In meiner Vorstellung plante ich am Abend zu ihnen zu fahren und ganz
ruhig einfach mal das Gespräch zu suchen. Ich wollte beginnen mit „Ich muss mal
mit euch reden, habt ihr gerade Zeit?“, wollte weitergehen zu „das bedrückt
mich schon lange“ und dann mit gelassener, ruhiger Stimme die Situation
erklären. Begonnen mit dem Kinderwunsch als Einstimmung, weiterschwenken zu
unseren Einschränkungen. Dann hätte ich die OP-Bombe platzen lassen und zu guter
Letzt die Lage etwas aufgelockert durch gnadenlosen Optimismus meinerseits.

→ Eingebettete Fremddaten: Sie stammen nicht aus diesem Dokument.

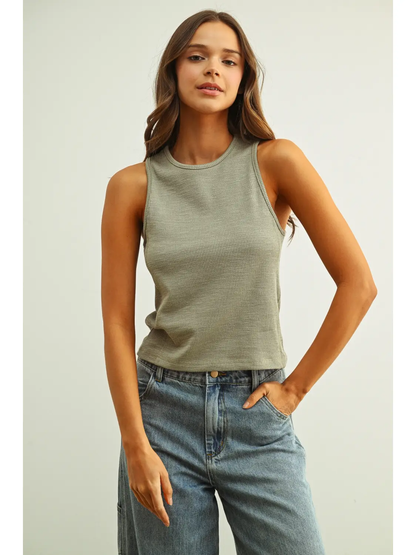 Rib Sleeveless Top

Geheuchelt, aber immerhin.
Alle die bisher aufmerksam gelesen haben, haben sicher
bemerkt, dass bei mir nichts so abläuft, wie ich mir das vorstelle. Man braucht
kein Hellseher zu sein um zu wissen,
dass auch das mächtig in die Hose ging.
Es war ein Mittwoch. Schon auf dem nach Hause Weg von der Arbeit kam mir
die wahnwitzige Idee das Ganze jetzt und sofort über die Bühne zu bringen. Wie
von Geisterhand fuhr mein Auto ganz
automatisch zu meinen Eltern. Mein Verstand war auf off gestellt.

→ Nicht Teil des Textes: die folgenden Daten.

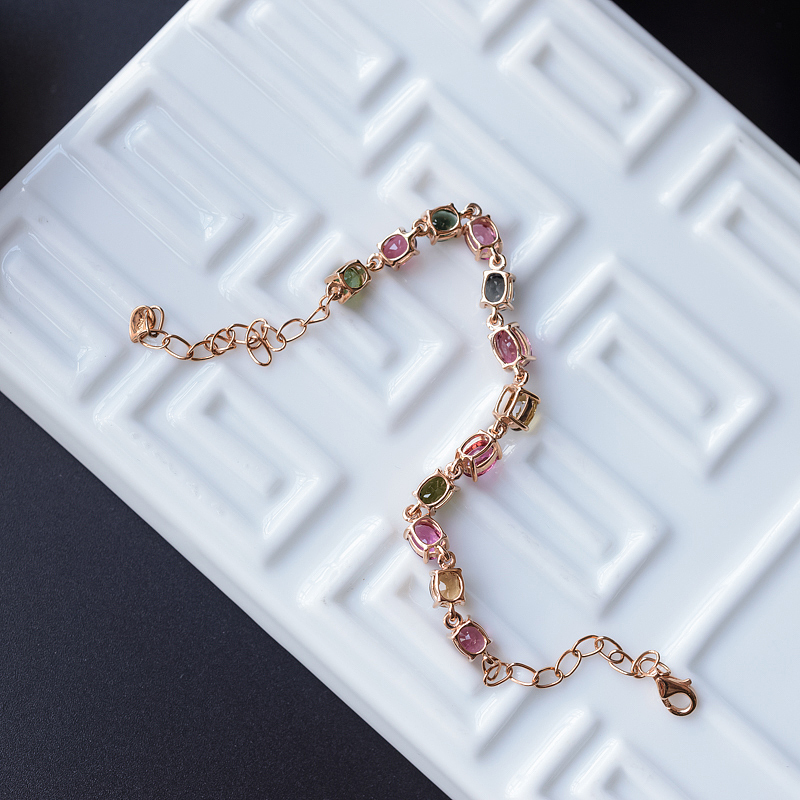 彩色碧玺手链 - 红掌柜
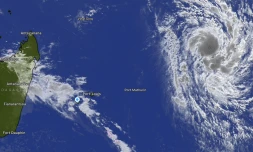 La forte tempête tropicale Indusa à 2.010 km de La Réunion, pas de menace pour les terres habitées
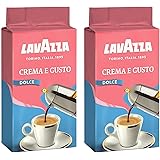 Lavazza Crema e Gusto Dolce Ground Coffee 250g (Pack of 2)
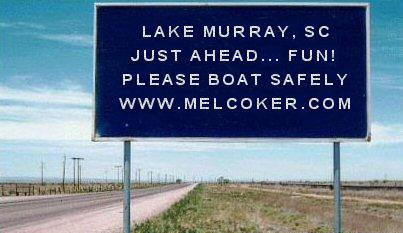Please Practice Safe and Courteous Boating at Lake Murray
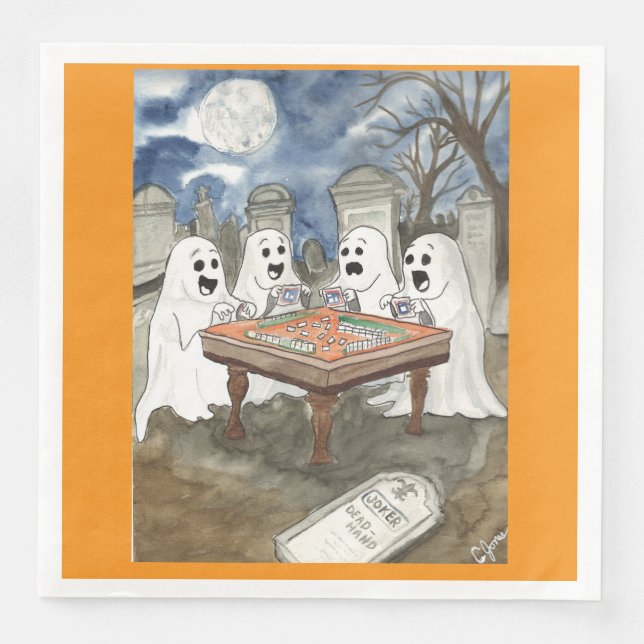 Halloween Mahjong Pappersservett (Framsida)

Ich lief ein paar Minuten nervös hin und her, redete über irgendetwas.
Belanglose Dinge. Dann packte mich eine Kombination aus Mut und Dummheit und
ich begann zu sprechen.
Es hätte so ein schönes Gespräch werden können, hätte ich nicht
Folgendes gesagt: "Ich muss operiert werden. Ich muss ins
Krankenhaus!" Kabumm! Dampfwalze gestartet! Feingefühl zerstört! Auftrag ausgeführt!

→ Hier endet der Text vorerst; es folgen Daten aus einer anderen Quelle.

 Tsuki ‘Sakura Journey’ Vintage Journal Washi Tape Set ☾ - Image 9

Noch unsensibler und schroffer hätte es nicht erledigt werden können. Der
sprichwörtliche Elefant im Porzellanladen wäre filigraner gewesen.
Daraufhin gab ich niemandem, nicht mal mir selbst, die Möglichkeit
nachzuhaken. Tränen stürzten waagrecht aus meinen Augen, Bäche der Trauer und
Verzweiflung. Ich zitterte. Auch meine Mutter hatte binnen Sekunden Tränen in
den Augen. Dabei wusste noch nicht einmal jemand, was eigentlich los war.
Krankenhaus. Schön und gut. Aber warum. Brustimplantate? Blinddarm?
Eingewachsener Zehennagel?
Die Anspannung der letzten Monate brach aus mir heraus. Ein Dauerfeuer
aus meiner Gefühls-Kalaschnikow ergoss sich über meine Familie.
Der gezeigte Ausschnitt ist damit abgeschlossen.